HEC-HMS also reports observed and computed maximum flow, time of peak and total volume. These measures are also useful in the calibration process.

As a reminder, the following basic statistical measures are useful for this discussion:
- Residual variance = sum of squared differences between the observed and simulated values = \sum_{i=1}^{n}(Y_i^{obs} - Y_i^{sim})^2
- Measured data variance = sum of squared differences between the individual observed values and the mean of the observed value = \sum_{i=1}^{n}(Y_i^{obs} - Y_{obs}^{mean})^2
- Standard deviation (\sigma) is the square root of variance
Performance ranges
Suggested model performance ranges of the four summary statistics for evaluating streamflow, adapted from Moriasi et all, 2007 and 2015, are summarized in the Table below. Note that these are derived for continuous flow data at daily and monthly time steps at watershed scale.

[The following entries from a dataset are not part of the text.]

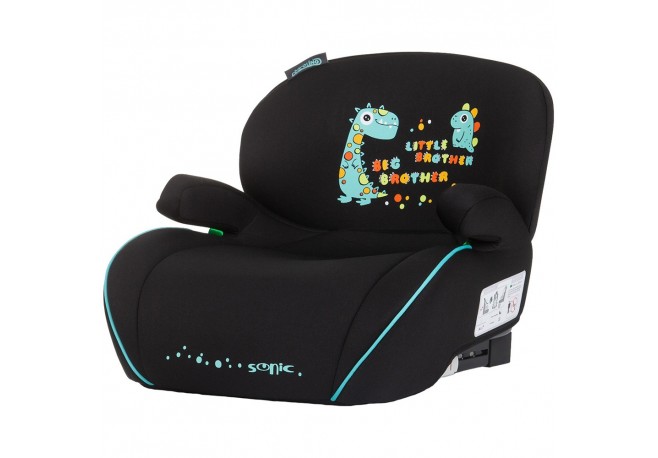 Inaltator auto Chipolino Sonic I-Size 125-150 cm cu sistem Isofix dino
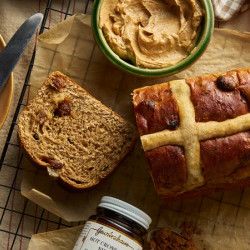 Hot Cross Loaf By Michael James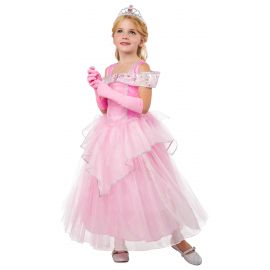 Rubies - Deluxe Dress - Pink Princess 116 cm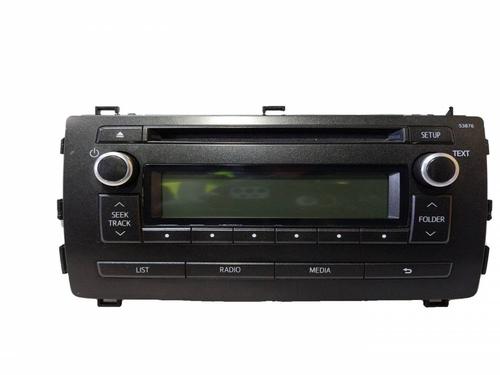 radio-toyota-auris-_e18_-2012-2013-2014-2015-2016-2017-2018-2019-39690034 main image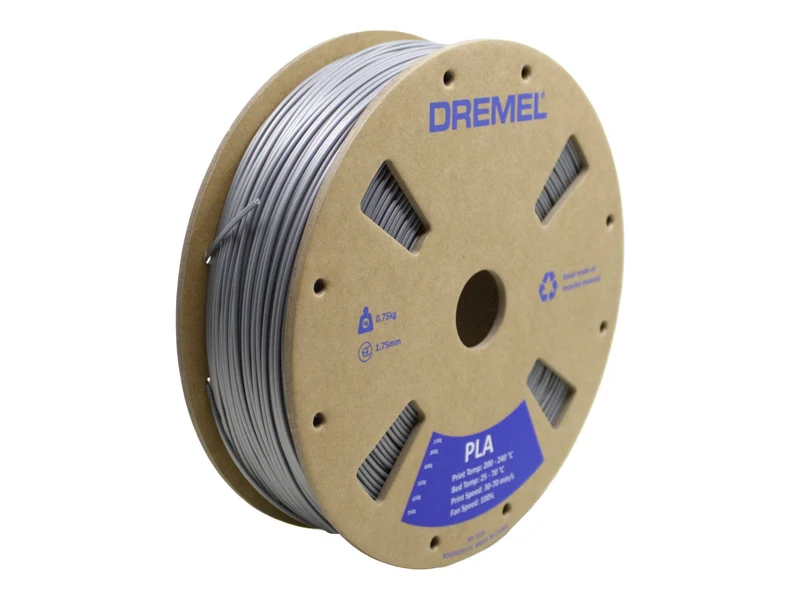 Filamento 3D Dremel PLA Gray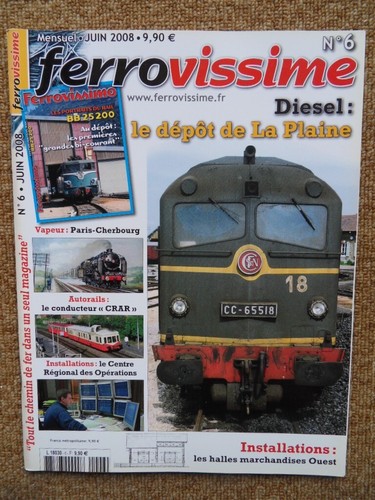 Ferrovissime juin 2008 - n°6, de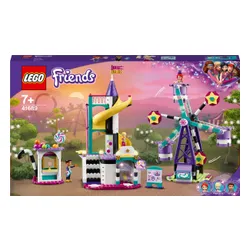 LEGO Friends Magiczny diabelski młyn i zjeżdżalnia (41689)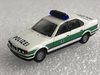 Herpa 041997 BMW 525i (E34) Polizei Bayern mit neuer Warnleuchte Maßstab 1:87 H0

Performance Rating | NSE | RSR | PBIAS (%) | R2 |
|---|---|---|---|---|
Very Good | 0.80 < 𝑁𝑆𝐸 ≤1.00 | 0.00 < 𝑅𝑆𝑅 ≤ 0.50 | |𝑃𝐵𝐼𝐴𝑆| < ±5 | 0.85 < R2 ≤ 1.00 |
Good | 0.70 < 𝑁𝑆𝐸 ≤ 0.80 | 0.50 < 𝑅𝑆𝑅 ≤ 0.60 | ±5 < |𝑃𝐵𝐼𝐴𝑆| ≤ ±10 | 0.75 < R2 ≤ 0.85 |
Satisfactory | 0.50 < 𝑁𝑆𝐸 ≤ 0.70 | 0.60 < 𝑅𝑆𝑅 ≤ 0.70 | ±10 < |𝑃𝐵𝐼𝐴𝑆| ≤ ±15 | 0.60 < R2 ≤ 0.75 |
Unsatisfactory | 𝑁𝑆𝐸 ≤ 0.50 | 𝑅𝑆𝑅 > 0.70 | |𝑃𝐵𝐼𝐴𝑆| ≥ ±15 | R2 ≤ 0.60 |
Performance ranges for MKGE are not provided in HEC-HMS. Using the mean flow as a predictor results in a NSE = 0 and a MKGE = 1 - \sqrt2 = -0.41. MKGE values greater than -0.41 indicate that the model's performance is better than the mean flow. NSE and MKGE values cannot be directly compared because the relationship depends in part on the coefficient of variation of the observed time series (Knoben et al., 2019). Modelers should analyze the MKGE components (correlation coefficient, bias ratio, and variability ratio) to better understand the model error.

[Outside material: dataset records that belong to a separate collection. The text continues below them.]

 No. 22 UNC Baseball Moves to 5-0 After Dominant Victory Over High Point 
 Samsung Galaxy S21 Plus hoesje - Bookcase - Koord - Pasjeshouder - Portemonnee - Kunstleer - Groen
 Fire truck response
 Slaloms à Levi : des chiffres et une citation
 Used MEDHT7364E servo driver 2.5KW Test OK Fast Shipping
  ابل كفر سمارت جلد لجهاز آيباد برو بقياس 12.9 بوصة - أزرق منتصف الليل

"What is an acceptable statistical metric?" is an extremely common modeling question and one that elicits considerable debate within the water resources community. The values presented above and their qualitative interpretations should NOT be blindly used without first considering numerous factors. These considerations include, but are not limited to, the following:
- What is the variable(s) of interest (e.g., flow, reservoir pool elevation, snow water equivalent, sediment concentration, etc.)?
- How often are observations taken (e.g., 15 minutes, 1 day, 2 weeks, etc.)?
- What computational time step was used to compute the model results?
- How much uncertainty is present within the observed data and boundary conditions?
- How will model results be used (e.g., $billion infrastructure investment, flood forecasting, evaluation of parameter sensitivity, etc.)?
- What are the time and funding constraints (i.e., can 6 months be invested to calibrate/validate model processes and parameters or must these results be useable within 15 minutes)?
Each modeling application should document which statistical metrics were used to evaluate model performance, their quantitative/qualitative interpretations, and why this was considered appropriate.